Et les deux hommes se saluèrent avec un sourire et une courtoisie à travers lesquels il était facile de voir que, dans toutes les paroles qu'ils venaient d'échanger, les lèvres seules avaient été en jeu.

En se quittant, tous deux se tournèrent le dos, Philippe remontant vers les boulevards, Charny descendant du côté de la rivière.

Tous deux se retournèrent deux ou trois fois jusqu'à ce qu'ils se fussent perdus de vue. Et alors Charny, qui, ainsi que nous l'avons dit, était remonté du côté de la rivière, prit la rue Beaurepaire, puis, après la rue Beaurepaire, la rue du Renard, puis la rue du Grand-Hurleur, la rue Jean-Robert, la rue des Gravilliers, la rue Pastourelle, les rues d'Anjou, du Perche, Culture Sainte-Catherine, de Saint-Anastase et Saint-Louis.

Arrivé là, il descendit la rue Saint-Louis et s'avança vers la rue Neuve-Saint-Gilles.

Mais à mesure qu'il approchait, son œil se fixait sur un jeune homme qui, de son côté, remontait la rue Saint-Louis, et qu'il croyait reconnaître.

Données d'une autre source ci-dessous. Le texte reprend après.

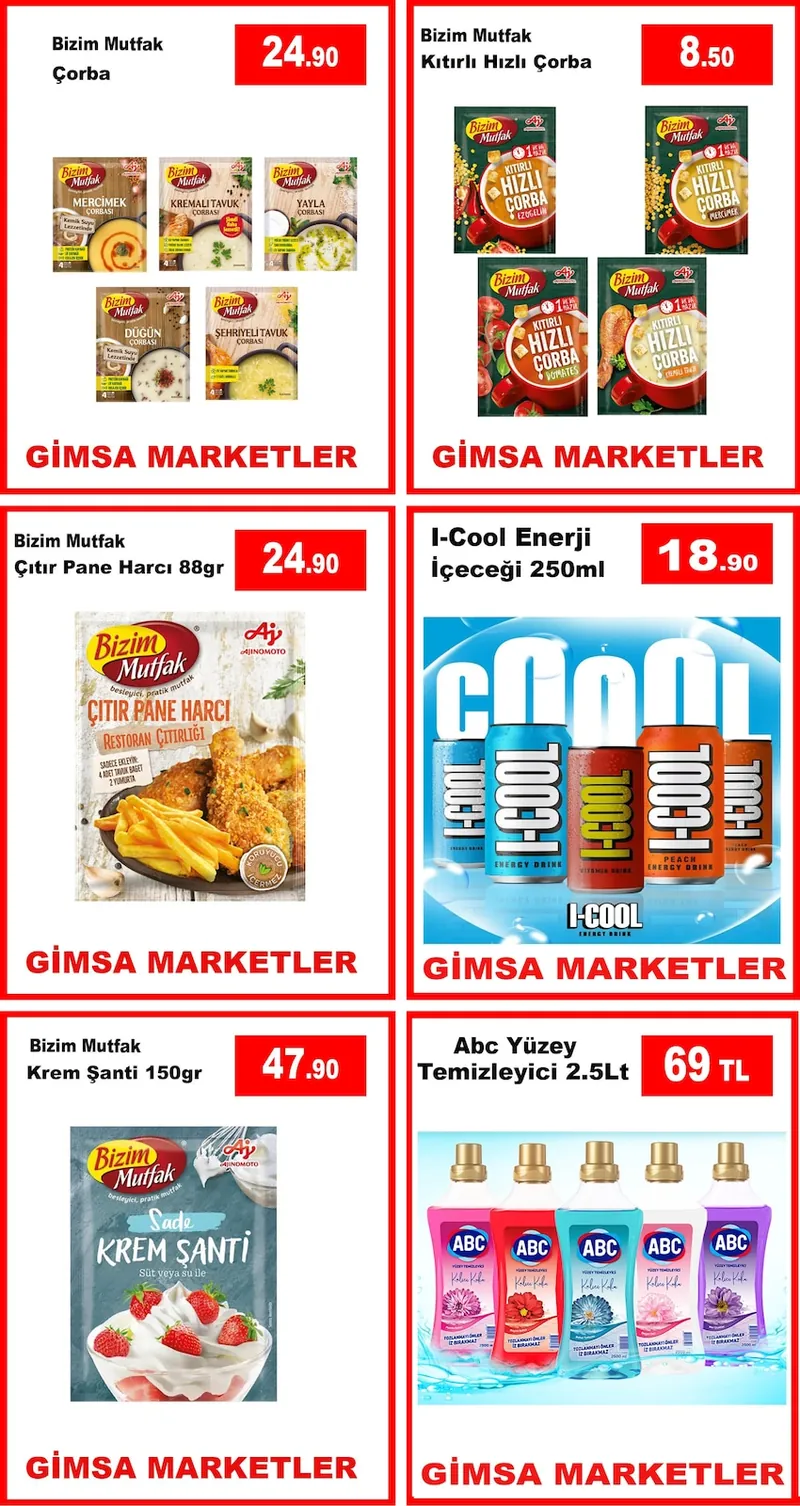 Gimsa Broşür Kapak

Deux ou trois fois il s'arrêta, doutant; mais bientôt le doute disparut. Celui qui remontait était Philippe.

Philippe qui, de son côté, avait pris la rue Mauconseil, la rue aux Ours, la rue du Grenier-Saint-Lazare, la rue Michel-le-Comte, la rue des Vieilles-Audriettes, la rue de l'Homme-Armé, la rue des Rosiers, était passé devant l'hôtel de Lamoignon, et enfin avait débouché sur la rue Saint-Louis, à l'angle de la rue de l'Égout Sainte Catherine.